• **Directions**: Your task is to copy the lines from the line containing "2024 Jeep Grand Cherokee 4xe Overland" through the end of the listing below, both included, without any pictures.

• **The data**:
[Start of Attachment]

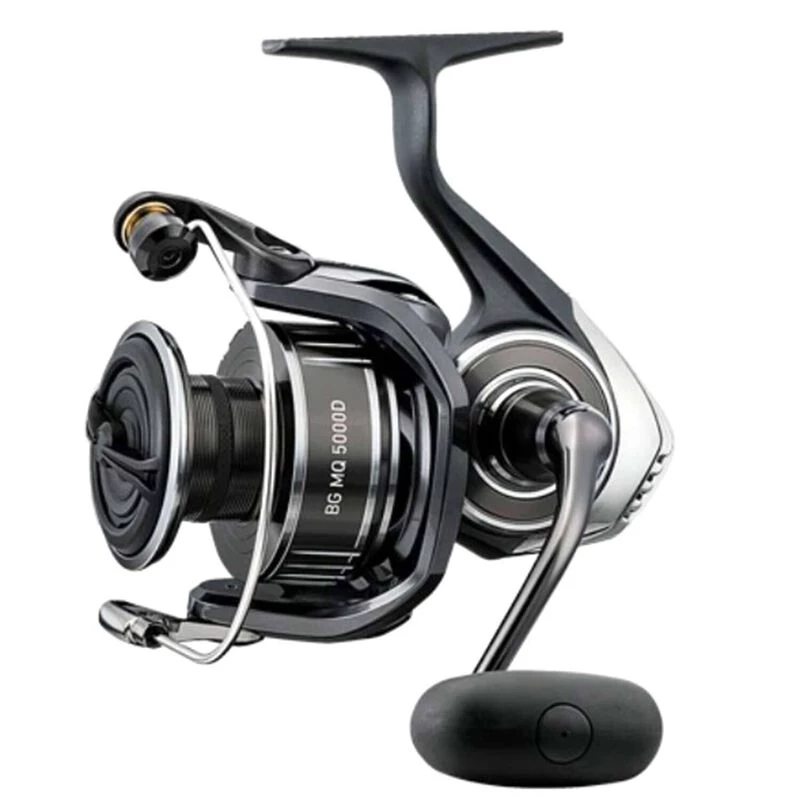 DAIWA BG MQ 8000-H Spinning Reel
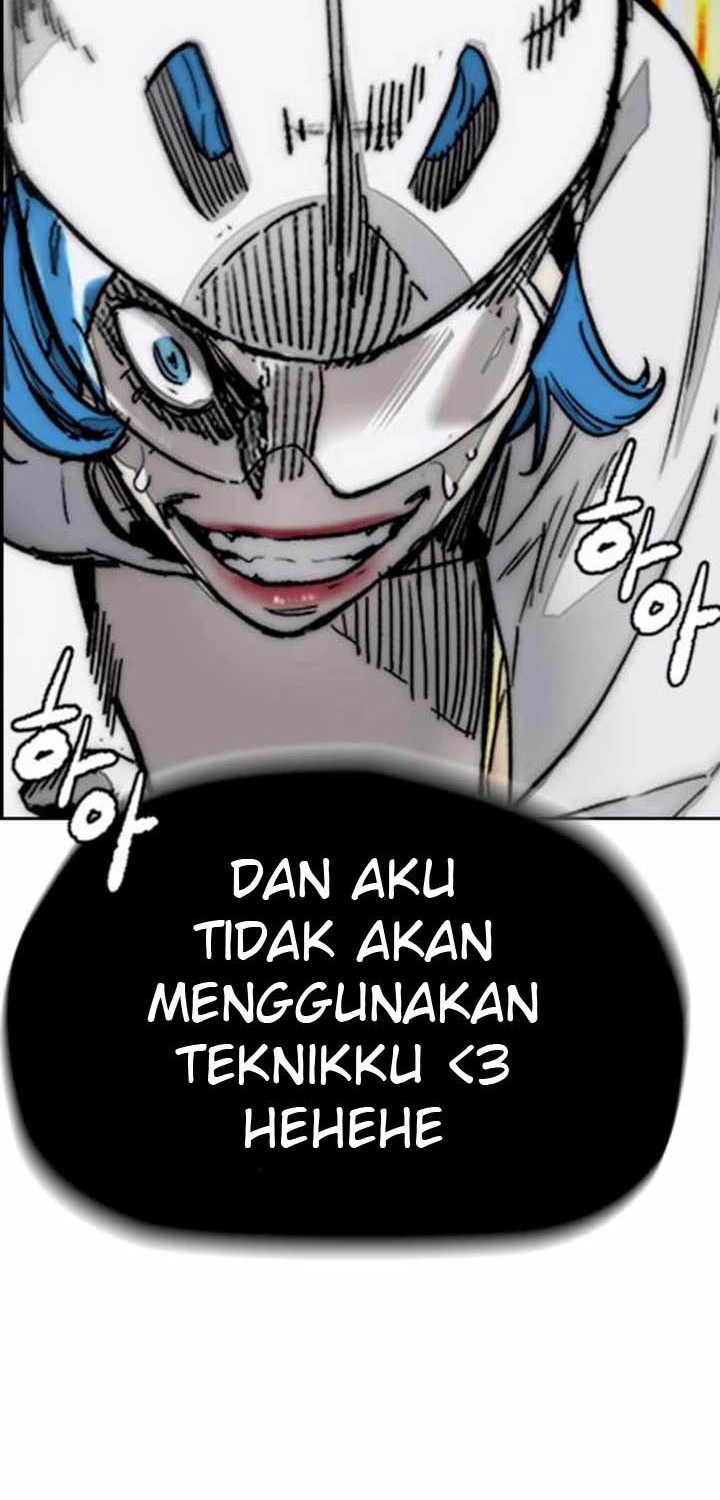 Wind Breaker chapter 383 halaman 24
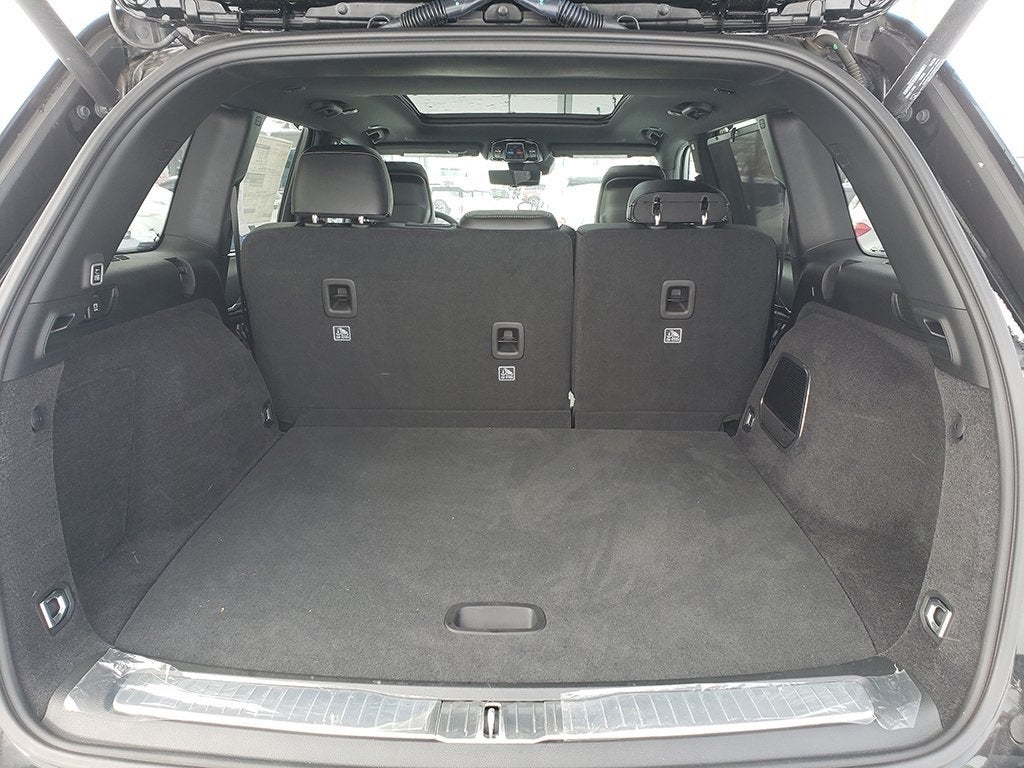 2024 Jeep Grand Cherokee 4xe Overland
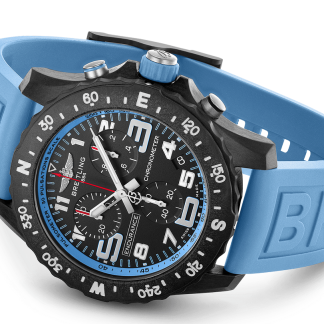 【Super Clone】Breitling Watch Professional Endurance Pro Breitlight Black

[End of Attachment]

• **Reply**:
 2024 Jeep Grand Cherokee 4xe Overland
 【Super Clone】Breitling Watch Professional Endurance Pro Breitlight Black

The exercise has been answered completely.